Cary Bruteig, the go-to apartment authority for everyone in the multifamily business, book-ended the half-day multifamily conference last week that drew about 500 brokers, lenders, developers and others on the ground floor of the Front Range apartment market.
Bruteig not only provided a detailed analysis of where the Denver-area and Front Range multifamily is today, where it has been and where it appears to be going at the wide-ranging 2017 Fall Multifamily Development & Investment Conference & Expo sponsored by the Colorado Real Estate Journal.
It was the largest conference this year in Colorado focused on the multifamily market.
Bruteig, owner of Apartment Appraisers & Consultants, which publishes the data-rich Apartment Insights, helped kick off the conference by providing an overview of the multifamily market.
“I am going to give you cold, hard facts today,” Bruteig said, noting that more units are being built than being absorbed, which is the definition of overbuilding.
He said is “mission is the truth,” but joked if the statistics he presented were depressing “Jeff (Hawks) will cheer you up immediately after my presentation.”
Hawks, a vice chairman at ARA, a Newmark company, returned the favor by joking that he only uses “broker math” that isn’t tethered to the rigors of algebra like Bruteig is.
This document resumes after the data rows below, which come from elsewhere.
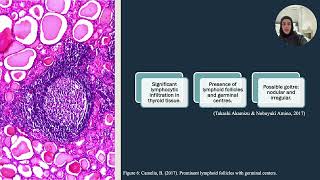 Pathophysiology and Pharmacology of Hashimoto’s Thyroiditis [upl. by Christan]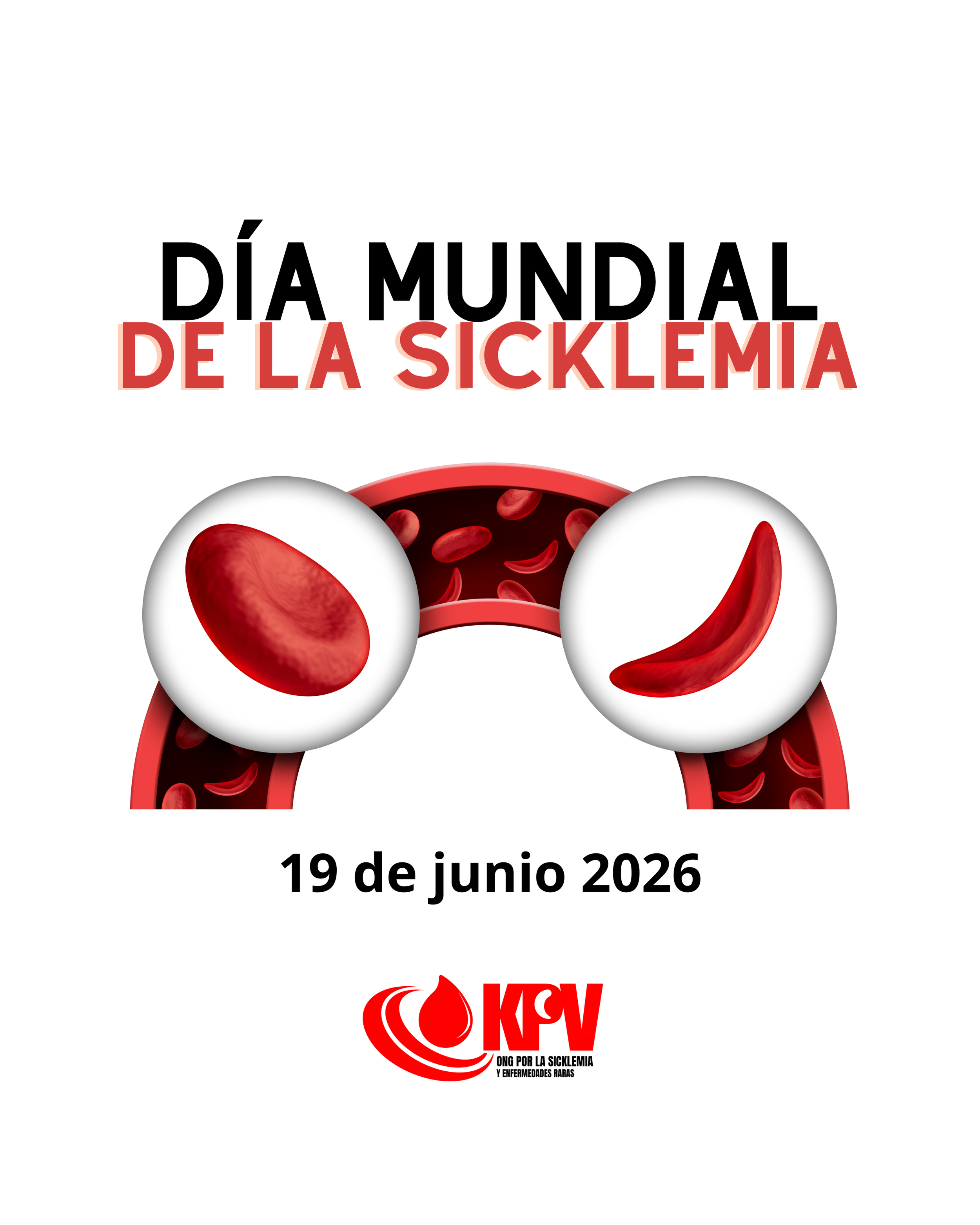 Dia mundial de la sicklemia (anemia falciforme)
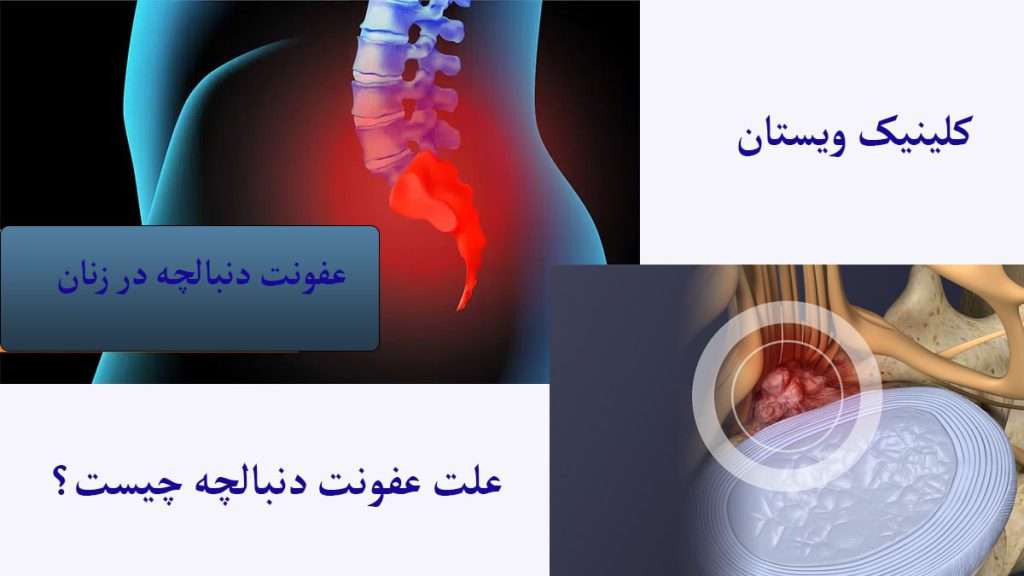 علت عفونت دنبالچه عفونت در ناحیه دنبالچه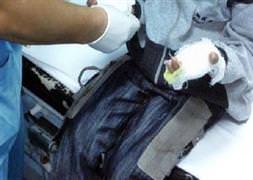 Küçük bir maytap gözünden etti!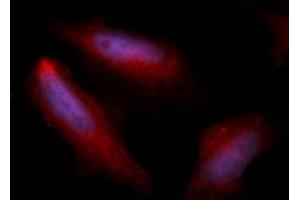 Immunofluorescence (IF) image for anti-Heparin-Binding EGF-Like Growth Factor (HBEGF) (AA 63-148) antibody (APC) (ABIN5567174)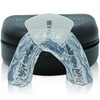 Custom Molded Night Mouth Guard - Designed by Tranquillam Sleep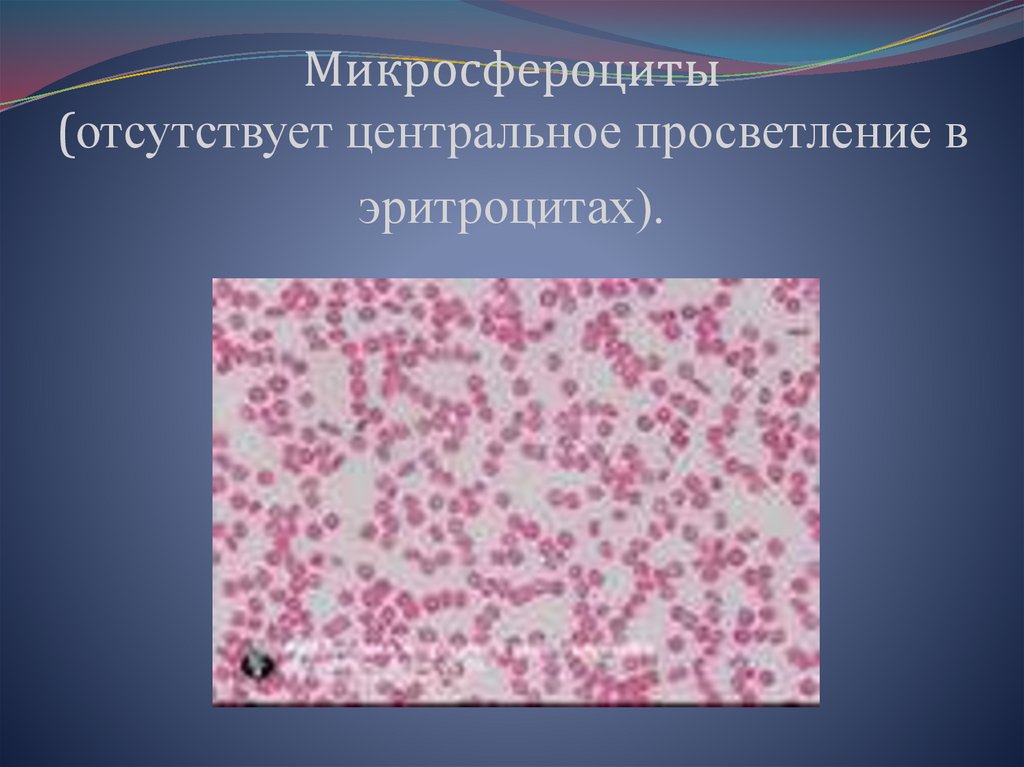 Макроанизоцитоз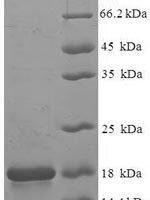 Macaca fascicularis Frataxin, mitochondrial (FXN) Recombinant Protein - BioCrest Sci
He also quipped that he slept through part of Bruteig’s conference.
The reality is that many people in the audience and on the panels held on to the litany of facts and statistics presented by Bruteig, who prefers to let the numbers do the talking than color his commentary with doom and gloom or only blue-skies ahead pronouncements.
As a testament to his impact, almost every subsequent panel alluded to something Bruteig said. That was the case whether the panel was on lending, investing on behalf of private clients, or institutional investing.
Bruteig also moderated the last panel of the day. The panel members have developed tens of billions of dollars of multifamily communities in the Denver area.
Early in his talk, Bruteig looked at a Wall Street Journal article published on Oct. 12 that focused on how overbuilding of luxury apartment units has led to increased concessions by developers and property managers in downtown Denver and surrounding neighbors.
He noted the irony with tens of thousands of new apartments recently built or underway, the Wall Street Journal used a photo of a condo project to illustrate the article.
“I read through the article and noticed how light it was on statistics,” Bruteig said. “It quoted a couple of leasing agents and had quotes from experts I have never heard of before.”